At times Paul acted like that question wouldn’t be answered until the parousia of Christ. He envisioned the day when he would be vindicated, when all doubts would be put to rest, when every question would be answered—the day he presented all of his converts to Christ as blameless children of Abraham. Then and only then would Paul’s boast be legitimized: “For what is our hope or joy or crown of boasting before our Lord Jesus at his coming? Is it not you?” (1 Thess 2:19). Paul longed for the day when he would stand before Christ, with every Gentile convert standing behind him as an eternal witness to the truth of the gospel he preached. (By the way, I love Paul’s vision—that one day I will stand with all the Gentiles who have believed in Jesus Christ.
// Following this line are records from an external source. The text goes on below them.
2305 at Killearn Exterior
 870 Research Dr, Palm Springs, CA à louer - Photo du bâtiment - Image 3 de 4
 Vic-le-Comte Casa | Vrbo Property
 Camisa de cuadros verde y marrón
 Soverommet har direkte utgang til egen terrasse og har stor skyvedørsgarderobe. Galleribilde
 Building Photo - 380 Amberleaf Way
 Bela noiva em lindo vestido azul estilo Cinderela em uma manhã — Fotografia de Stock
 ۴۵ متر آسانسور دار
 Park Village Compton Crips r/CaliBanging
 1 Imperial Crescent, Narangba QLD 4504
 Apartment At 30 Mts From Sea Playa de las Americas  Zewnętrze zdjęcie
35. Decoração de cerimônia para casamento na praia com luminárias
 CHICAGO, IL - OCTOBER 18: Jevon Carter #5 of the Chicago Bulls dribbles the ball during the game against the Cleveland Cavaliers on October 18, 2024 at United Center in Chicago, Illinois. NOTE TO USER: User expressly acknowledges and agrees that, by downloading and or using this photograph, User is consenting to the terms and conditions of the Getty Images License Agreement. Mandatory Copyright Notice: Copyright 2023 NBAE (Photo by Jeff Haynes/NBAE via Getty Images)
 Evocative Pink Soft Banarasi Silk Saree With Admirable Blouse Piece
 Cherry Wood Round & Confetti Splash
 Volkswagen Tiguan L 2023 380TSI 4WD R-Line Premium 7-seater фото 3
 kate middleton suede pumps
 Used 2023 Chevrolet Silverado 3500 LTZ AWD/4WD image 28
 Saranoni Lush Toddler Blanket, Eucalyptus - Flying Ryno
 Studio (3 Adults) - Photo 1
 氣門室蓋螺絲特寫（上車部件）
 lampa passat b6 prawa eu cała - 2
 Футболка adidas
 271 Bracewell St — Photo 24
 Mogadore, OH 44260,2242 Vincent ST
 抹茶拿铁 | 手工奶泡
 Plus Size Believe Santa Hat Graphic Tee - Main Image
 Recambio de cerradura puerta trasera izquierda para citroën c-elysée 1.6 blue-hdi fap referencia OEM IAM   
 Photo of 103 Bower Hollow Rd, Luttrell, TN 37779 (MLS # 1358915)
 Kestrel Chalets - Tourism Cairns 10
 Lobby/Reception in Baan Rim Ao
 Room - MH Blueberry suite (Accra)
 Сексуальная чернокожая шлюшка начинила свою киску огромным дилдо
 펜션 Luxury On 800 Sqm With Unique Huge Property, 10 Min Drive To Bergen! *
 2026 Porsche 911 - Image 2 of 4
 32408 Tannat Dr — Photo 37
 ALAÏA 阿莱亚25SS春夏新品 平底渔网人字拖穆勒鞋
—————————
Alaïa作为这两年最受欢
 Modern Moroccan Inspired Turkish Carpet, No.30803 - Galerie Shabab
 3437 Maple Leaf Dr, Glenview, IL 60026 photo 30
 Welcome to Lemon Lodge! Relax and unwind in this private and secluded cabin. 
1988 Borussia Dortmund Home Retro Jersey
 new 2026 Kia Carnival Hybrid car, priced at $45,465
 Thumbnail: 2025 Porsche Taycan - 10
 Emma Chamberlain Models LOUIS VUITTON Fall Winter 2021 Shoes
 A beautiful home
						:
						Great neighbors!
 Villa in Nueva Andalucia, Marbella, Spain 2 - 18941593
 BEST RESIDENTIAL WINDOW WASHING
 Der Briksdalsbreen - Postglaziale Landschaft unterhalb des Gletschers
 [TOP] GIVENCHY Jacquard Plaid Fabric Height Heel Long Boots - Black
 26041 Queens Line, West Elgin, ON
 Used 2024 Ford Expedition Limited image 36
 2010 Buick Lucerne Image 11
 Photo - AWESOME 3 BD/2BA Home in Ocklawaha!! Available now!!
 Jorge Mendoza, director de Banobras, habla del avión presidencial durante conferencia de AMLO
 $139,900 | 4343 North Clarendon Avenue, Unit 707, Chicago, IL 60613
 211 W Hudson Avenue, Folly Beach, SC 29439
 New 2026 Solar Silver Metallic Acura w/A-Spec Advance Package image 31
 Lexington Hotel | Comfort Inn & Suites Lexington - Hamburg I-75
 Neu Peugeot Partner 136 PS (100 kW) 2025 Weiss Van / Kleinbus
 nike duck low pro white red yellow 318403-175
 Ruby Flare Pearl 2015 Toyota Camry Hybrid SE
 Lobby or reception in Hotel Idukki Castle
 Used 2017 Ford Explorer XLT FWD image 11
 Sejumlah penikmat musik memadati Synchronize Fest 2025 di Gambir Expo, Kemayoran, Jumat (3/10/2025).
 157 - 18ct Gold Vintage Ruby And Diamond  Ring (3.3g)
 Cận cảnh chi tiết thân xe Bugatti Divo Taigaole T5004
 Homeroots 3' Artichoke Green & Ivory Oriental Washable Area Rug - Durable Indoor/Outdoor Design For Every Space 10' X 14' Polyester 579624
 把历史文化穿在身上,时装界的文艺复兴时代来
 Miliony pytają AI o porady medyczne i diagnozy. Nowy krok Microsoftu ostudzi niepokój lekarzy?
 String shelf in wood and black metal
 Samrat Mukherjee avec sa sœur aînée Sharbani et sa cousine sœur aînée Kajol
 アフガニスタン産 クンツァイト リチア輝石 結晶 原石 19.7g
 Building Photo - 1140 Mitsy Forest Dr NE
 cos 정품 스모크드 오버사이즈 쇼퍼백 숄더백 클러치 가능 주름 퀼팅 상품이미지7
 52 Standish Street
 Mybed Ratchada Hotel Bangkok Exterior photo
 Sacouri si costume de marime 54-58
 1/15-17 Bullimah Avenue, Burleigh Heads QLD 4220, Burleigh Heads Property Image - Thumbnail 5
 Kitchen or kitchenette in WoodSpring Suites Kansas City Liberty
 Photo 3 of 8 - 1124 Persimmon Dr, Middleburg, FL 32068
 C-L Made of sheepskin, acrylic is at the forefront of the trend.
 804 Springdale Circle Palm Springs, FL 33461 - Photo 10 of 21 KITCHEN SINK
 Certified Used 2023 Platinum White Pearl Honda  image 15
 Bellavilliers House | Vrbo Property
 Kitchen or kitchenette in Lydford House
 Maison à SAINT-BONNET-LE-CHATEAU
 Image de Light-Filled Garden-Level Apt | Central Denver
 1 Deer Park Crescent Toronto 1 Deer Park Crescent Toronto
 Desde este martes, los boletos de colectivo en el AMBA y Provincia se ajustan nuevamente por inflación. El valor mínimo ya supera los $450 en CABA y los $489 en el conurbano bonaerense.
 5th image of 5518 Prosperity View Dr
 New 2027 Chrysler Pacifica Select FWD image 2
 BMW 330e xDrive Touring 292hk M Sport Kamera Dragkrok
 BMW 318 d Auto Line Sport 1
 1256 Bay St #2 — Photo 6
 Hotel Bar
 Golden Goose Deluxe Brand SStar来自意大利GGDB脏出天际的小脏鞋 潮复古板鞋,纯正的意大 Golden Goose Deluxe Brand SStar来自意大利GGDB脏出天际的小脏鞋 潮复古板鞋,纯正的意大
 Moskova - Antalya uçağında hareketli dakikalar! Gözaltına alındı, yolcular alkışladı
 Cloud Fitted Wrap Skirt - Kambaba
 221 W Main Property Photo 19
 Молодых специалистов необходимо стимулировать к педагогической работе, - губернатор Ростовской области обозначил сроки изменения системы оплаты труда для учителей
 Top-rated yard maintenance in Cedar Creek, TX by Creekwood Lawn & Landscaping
A vast multitude behind the apostle to the Gentiles, we will all celebrate that his work was not in vain.) At the same time, Paul also spoke of a confidence, a boldness of resurrection faith that gave him courage to face every trial with a sense of divine blessing (1 Thess 2:1-2). Regardless of how things looked on the outside—his body wasting away, his enemies hindering his mission, his converts ignoring his instructions—Paul was convinced he was experiencing the resurrection of Christ on the inside. A renewed mind. An encouraged heart. A satisfied soul. An undefeatable Spirit. Indeed, only the glorious resurrection of Christ could explain how a man could undergo such a radical transformation from the inside out (2 Cor 3:4-4:1).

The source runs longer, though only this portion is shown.